R Data Types
Overview
Teaching: 10 min
Exercises: 5 minQuestions
What types of data does the R language have?
Objectives
Learn the types of data that we can manage in R.
Types of data
We already used numbers to generate a result. But this is not the only type of data that RStudio
can manage. We can use the command typeof()

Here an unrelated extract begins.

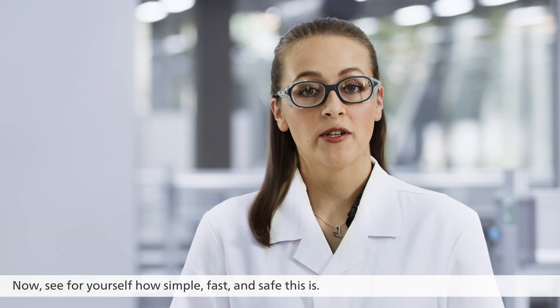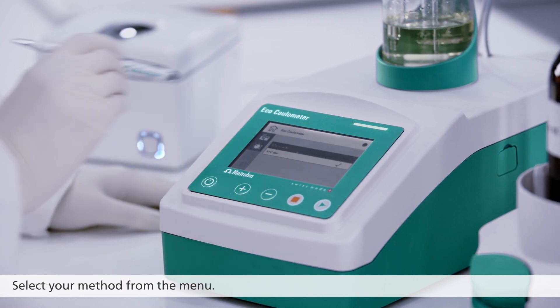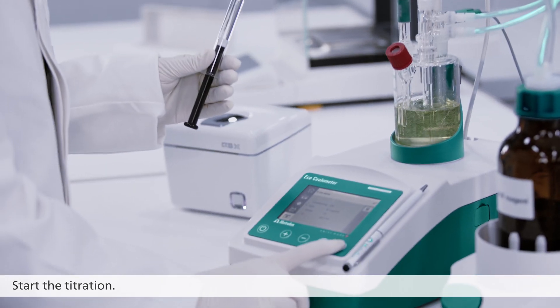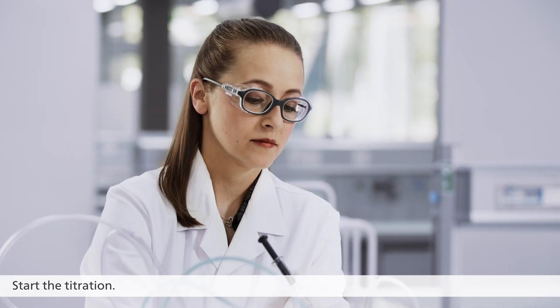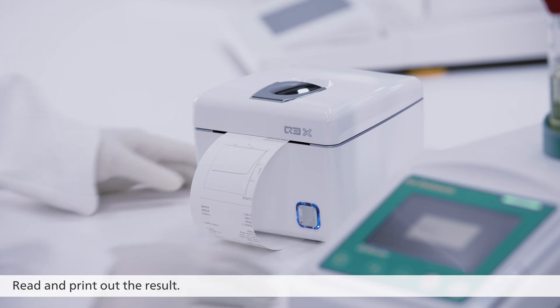Now see for yourself how simple, fast and safe this is. Select your method from the menu. Start the titration. Introduce the sample. Read and print out the result.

to corroborate the data type of our object addition
:
> typeof(addition)
> [1] "double"
There are five types of data in RStudio:
- Double
- Integer
- Complex
- Logical
- Character
> typeof(5L) #Integer type can contain only whole numbers followed by a capital L
[1] "integer"
> typeof(72+5i)
[1] "complex"
> addition == subtraction
[1] FALSE
> typeof(addition == subtraction)
[1] "logical"
> result <- "4 and 3 are not the same on Earth. On Mars maybe... "
> typeof(result)
[1] "character"
No matter how complicated our analysis can be, all data in R will belong to one of these five data types. Data types are important because we want to know “who is who, and what is what”. But this concept will help us learn one of the most powerful tools in R, which is the manipulation of diverse types of data together in what is called a data-frame.
Data structures
Besides the data types, there are different ways of organizing the data in R called data structures. The simple data structure is the vector, which is a sequence of data of the same type. We can create a vector with the function c()
.
> char_vector <- c("a", "a", "b", "b", "c", "c")
> typeof(char_vector)
[1] "character"
A more complex data structure is the factor, which holds the names of categories (called levels) and a sequence of the occurrences of those categories. Here we can see how factor works:
> char_factor <- as.factor(char_vector)
> char_factor
[1] a a b b c c
Levels: a b c
And here, we can ask for the structure of the object.
> str(char_factor)
Factor w/ 3 levels "a","b","c": 1 1 2 2 3 3
Here, you see the levels of the factors and a sequence of numbers. Each number represents a level, and this sequence holds the information about which goes in which position. That is why we will get an “integer” if we ask about the type of data in the object.
> typeof(char_factor)
[1] "integer"
When we are dealing with categorical data, factors are the way to go.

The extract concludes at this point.